During the last decades, the sport of golf has had a growing reception, both in the number of fans and in the number of courses where you can practice it. This increase in fans and players has turned golf into a multi- million dollar industry in which transnational companies of all kinds participate. Today it is the first sport in the world in terms of economic expenditure.
In Spain there are more than 450 golf courses in operation . Andalusia, with 103 courses, is the autonomous community with the largest number of them, followed by Castilla y León with 46 and Catalonia with 40. Of all of them, less than 7% are public, the remaining 93% are private courses. And everything seems to indicate that these figures will continue to increase.
On the surface, golf appears to be a harmless and even environmentally friendly game. The courses are exceptionally well maintained and managed, giving the appearance of green surroundings embedded in nature. However, the reality is far from this bucolic vision.
In the late 1990s there was some concern about some of the detrimental effects associated with golf courses; the impact of these installations and their maintenance on the environment , and whether, in fact, the economic and recreational benefit compensates said impact or not.
Of the damage caused by golf courses to the environment, we can highlight several types: damage caused by construction, those derived from its maintenance and those caused by fans.
Construction of a golf course typically involves some practices that are extremely detrimental to the surrounding environment: clearing of natural vegetation, deforestation , destruction of landscapes and natural habitats, and changes in local topography and hydrology.
In turn, these impacts feed off each other and generate side effects that are just as undesirable or even more so. Deforestation and clearing of vegetation, for example, it causes the formation of gullies and erosion, and all of this, in turn, increases the load of sediments in the runoff towards the nearby water masses.
The channels become saturated with sediment; as there is less water available and a higher level of sediments, turbidity increases, bottom vegetation is lost, algae bloom downstream and eutrophication is favored . In addition, the erosive force increases the changes in the topography and the chemical composition of the streams, rivers and lakes is altered .
On the other hand, the construction of a golf course also means turning large tracts of natural land into a practically sterile environment – a golf course is characterized by one or a few species of grass dominating the scene, and occasionally, trees and bushes, generally from cultivation.
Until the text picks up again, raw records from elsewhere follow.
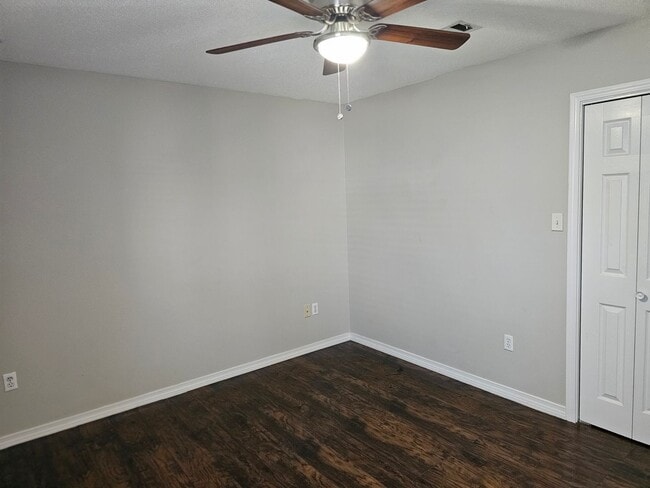 Building Photo - 204 N Cypress St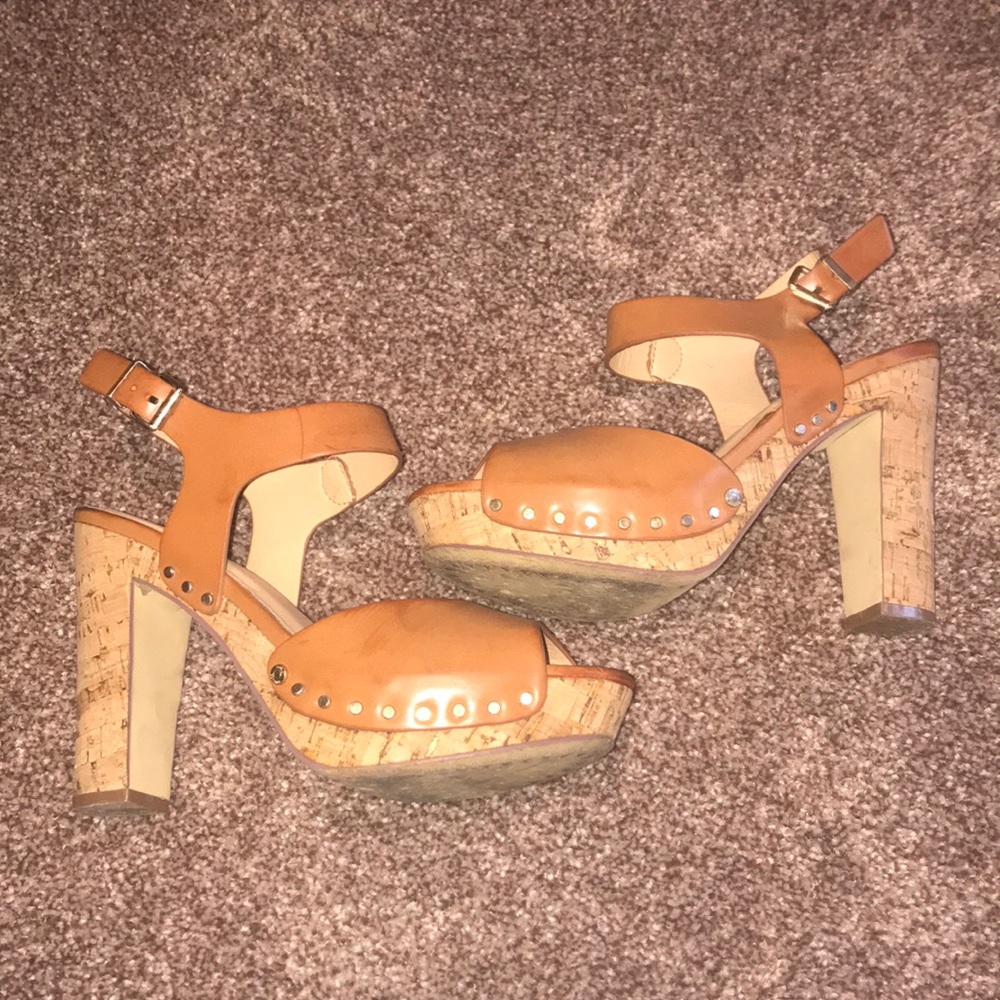 XOXO MINDY Tan Cork Chunk Heel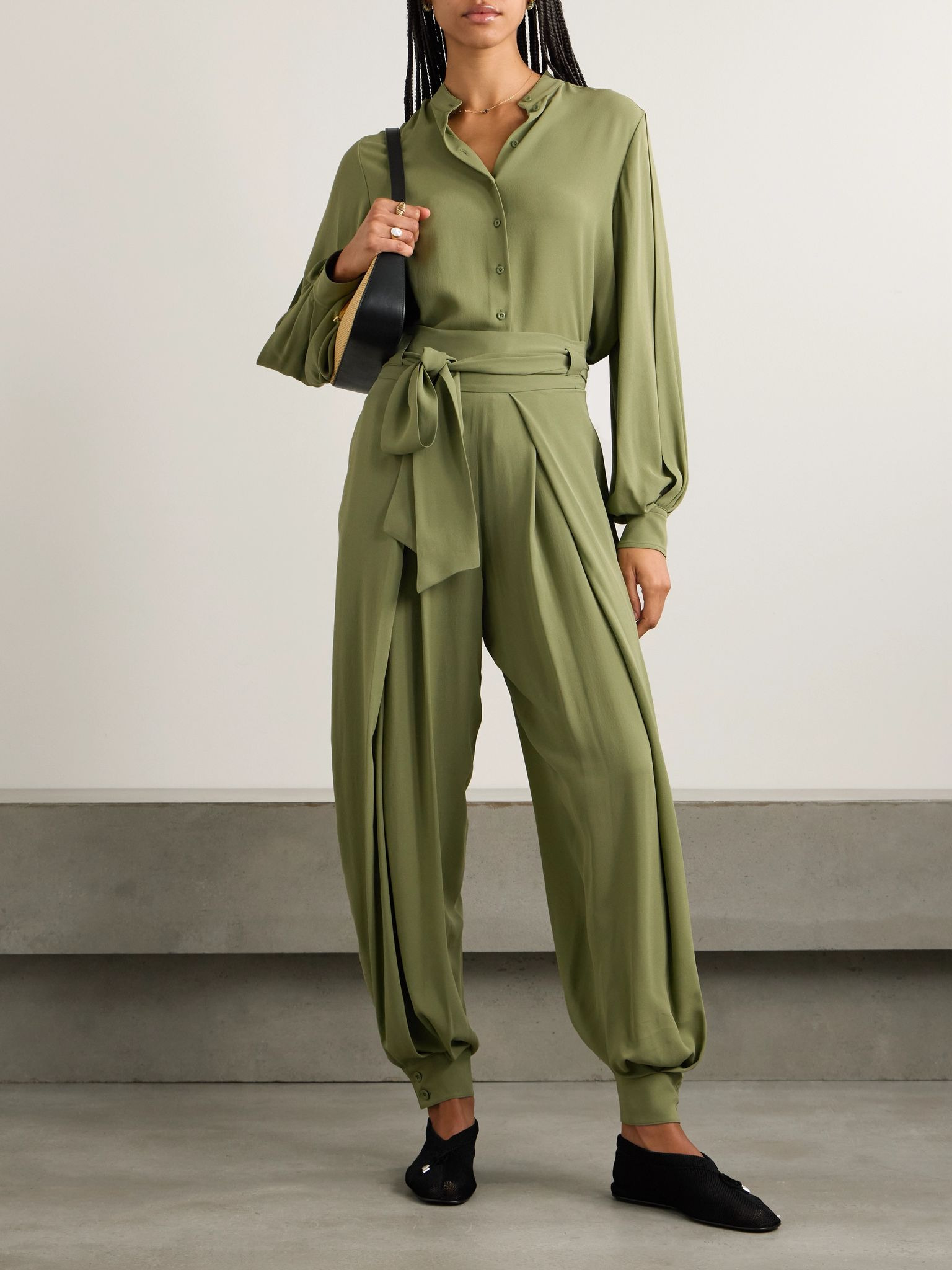 Gralan belted pleated silk-crepe tapered pants Light green - 2
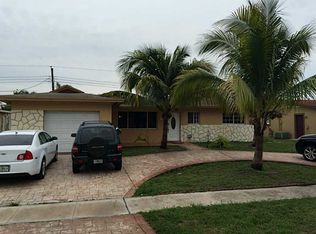 7651 NW 6th Ct, Pembroke Pines, FL 33024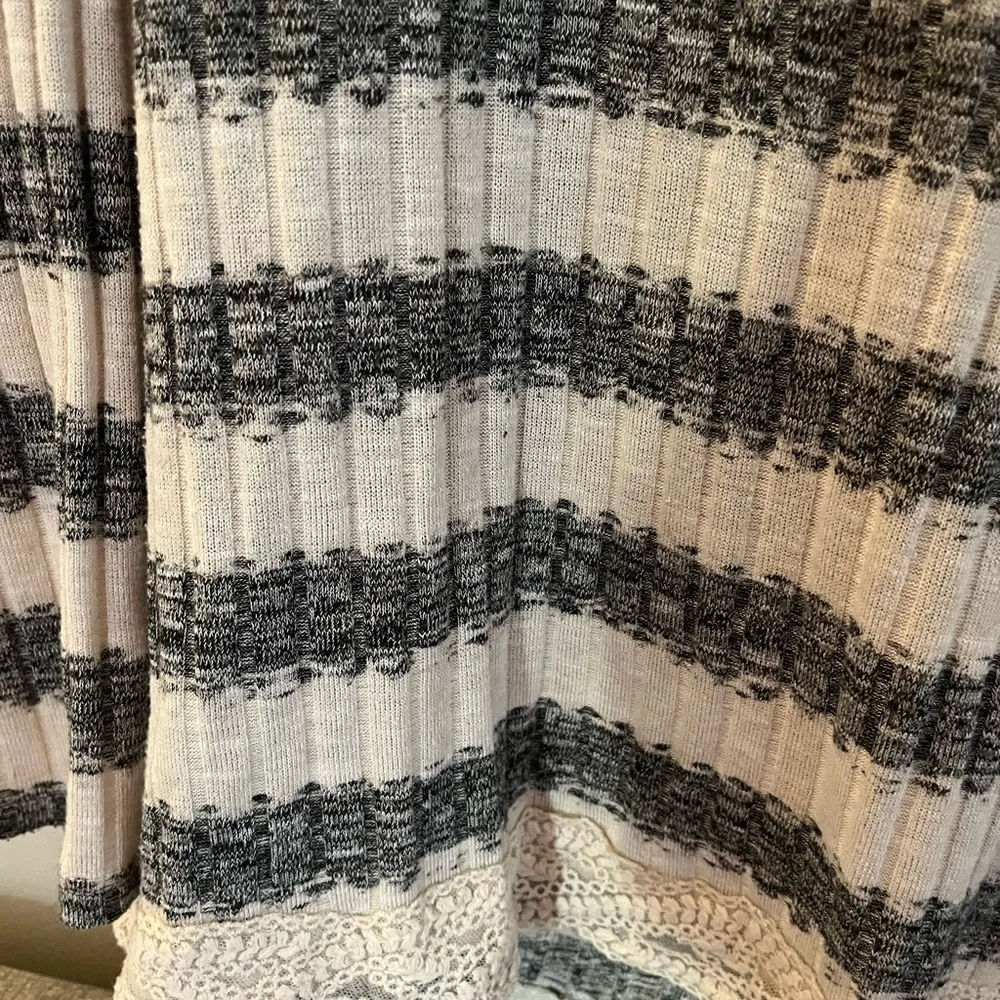 Woven Striped Top - Image 2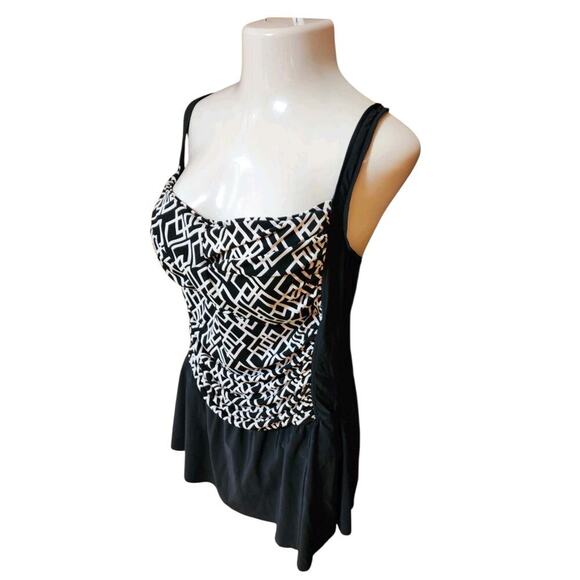 Tropical Escape Geometric Swim Dress Plus Size 20W Black One-Piece Swimsuit- New - Picture 4 of 6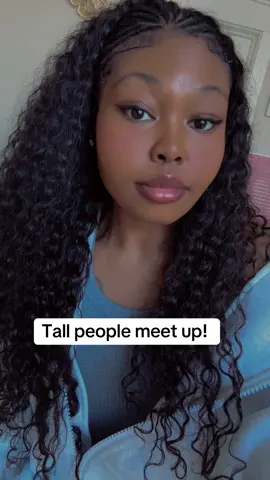 I will circle the block🙃 j/k j/k lol ..or am I? 😆😂😂 #tall #meetup #men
This displaces or eliminates a large number of native plant and animal species, and alters the soil microbiota . The mere construction of a golf course is already an environmental disaster in itself.
Maintaining a golf course is very costly from an economic and environmental point of view. One of the most potentially dangerous environmental practices for nearby ecosystems is the large-scale application of fertilizers, insecticides, herbicides, and fungicides . All of them harmful products, -lethal, sometimes- for the organisms that are exposed to them. Surface runoff carries many of these products that end up contaminating nearby environments.
On the other hand, a golf course requires amounts of water for its maintenance that many describe as obscene. Estimates indicate that an 18-hole golf course consumes between 3,000 and 5,000 cubic meters per day ; which is equivalent to the water consumption of an average Spanish household in 25 years.
In fact, it is estimated that the daily amount of water to supply all the golf courses in the world is equivalent to the amount of water required to maintain 60 % of the world population with the minimum daily needs established by the United Nations.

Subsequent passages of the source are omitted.